Requires osx/linux command line tools, grep, wget, etc..
####Extracts Needed:
The process requires a number of extract files from dbpedia and the Library of Congress
DBpedia:
(When a new version of dbpedia extract comes you would need to change the urls below)
-
Articles Categories
- Contains all the article categories in wikipedia http://downloads.dbpedia.org/3.9/en/article_categories_en.nt.bz2
-
Persondata
- FOAF representation of persons http://downloads.dbpedia.org/3.9/en/persondata_en.nt.bz2
-
Ontology Infobox Types
- Types of DBpedia entities http://downloads.dbpedia.org/3.9/en/instance_types_en.nt.bz2
-
Short Abstracts
- The short abstract used to find birth/death dates not in the data http://downloads.dbpedia.org/3.9/en/short_abstracts_en.nt.bz2
-
Images
- Optional, if you want to make a extra file with images/bios for each person. http://downloads.dbpedia.org/3.9/en/images_en.nt.bz2
Library of Congress:
-
LC Name Authority File (MADS/RDF only)
-
LC Name Authority File (SKOS/RDF only)
- http://id.loc.gov/static/data/authoritiesnames.nt.skos.gz We need both to mashup and create a new person only authority lookup with the data we want.

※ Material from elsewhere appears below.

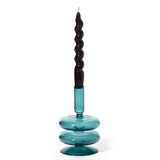 Taper Holder - Coloured Glass - Teal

Extract these files into the data directory (you are going to need a lot of space)
Building the directory is just running the scripts in order.
python filterDBpediaJazzFile.py
This takes a article category approach to everything related to jazz and filters it down to people. It is diagramed in filterDBpediaJazzFile.pdf
python filterLOCskos.py
Takes the enormous LC data file and creates a new LC lookup that is more manageable. The first step it does it create personURIs.nt, this could be done locally and added to the extract data on a server to reduce the space needed. Making this file will take a long time as its greping a 30GB extract. The process is in filter_LOC_filterLOCskos.pdf.

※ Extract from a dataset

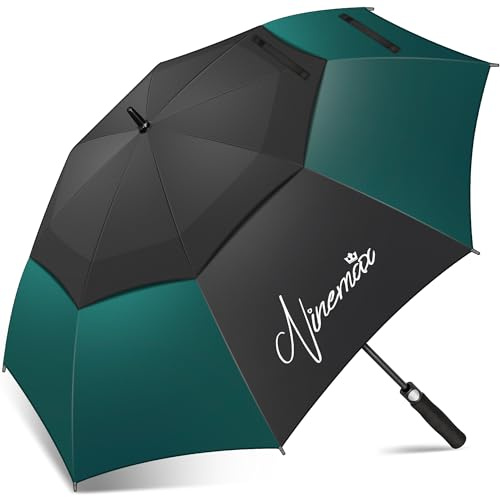 NINEMAX Ombrello Pioggia Grande, Ombrello Golf Grande Antivento Robusto, XXL Lungo Ombrelli Grandi Da Pioggia Automatico Resistente Al Vento Forte per Uomo Donna (Nero/Verde Scur)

python addDatesToJazzPeople.py
This adds birth and death dates to the name directory for people who don't have that data structured but it is in their abstract. Just cares about the year.

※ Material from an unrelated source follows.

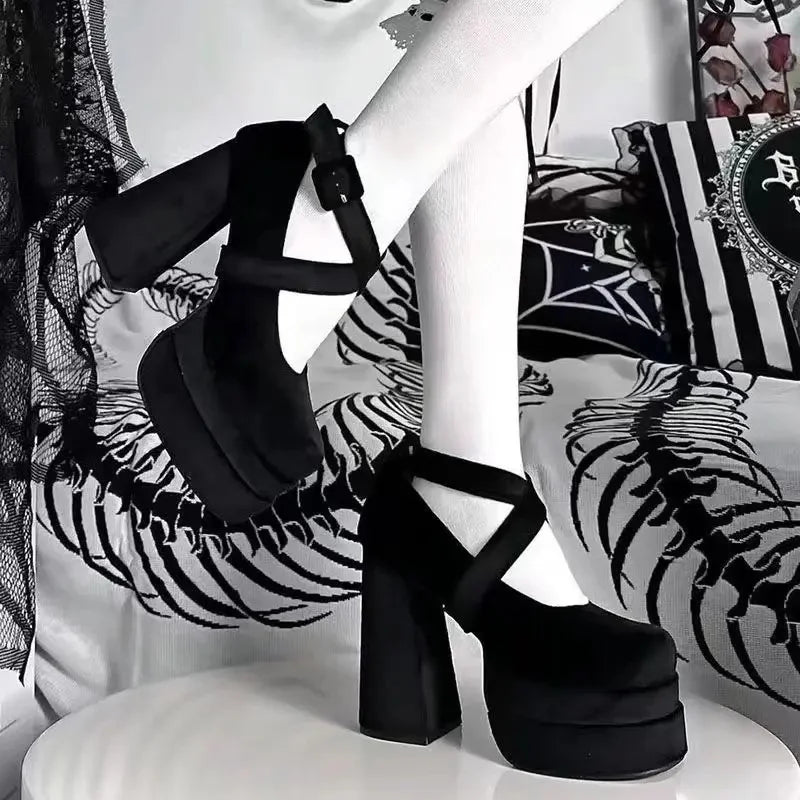 Retro Pink Mary Janes High Heels – French Thick Heel Wedding & Party Shoes for Women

python mergeLOCandDBpedia.py
This attempts to merge the two authorities based on name and dates, it makes a number of final name directory sameAs_*.nt files based on the confidence of the match. Documented in mergeLOCandDBpedia.pdf
python filterToJazzData.py
Optional, this script creates an auxiliary file for the sameAs files which has the person image if in wikipedia and their short abstract.
The MIT License (MIT)
Copyright (c) 2015 Matt Miller
Permission is hereby granted, free of charge, to any person obtaining a copy of this software and associated documentation files (the "Software"), to deal in the Software without restriction, including without limitation the rights to use, copy, modify, merge, publish, distribute, sublicense, and/or sell copies of the Software, and to permit persons to whom the Software is furnished to do so, subject to the following conditions:
The above copyright notice and this permission notice shall be included in all copies or substantial portions of the Software.
THE SOFTWARE IS PROVIDED "AS IS", WITHOUT WARRANTY OF ANY KIND, EXPRESS OR IMPLIED, INCLUDING BUT NOT LIMITED TO THE WARRANTIES OF MERCHANTABILITY, FITNESS FOR A PARTICULAR PURPOSE AND NONINFRINGEMENT. IN NO EVENT SHALL THE AUTHORS OR COPYRIGHT HOLDERS BE LIABLE FOR ANY CLAIM, DAMAGES OR OTHER LIABILITY, WHETHER IN AN ACTION OF CONTRACT, TORT OR OTHERWISE, ARISING FROM, OUT OF OR IN CONNECTION WITH THE SOFTWARE OR THE USE OR OTHER DEALINGS IN THE SOFTWARE.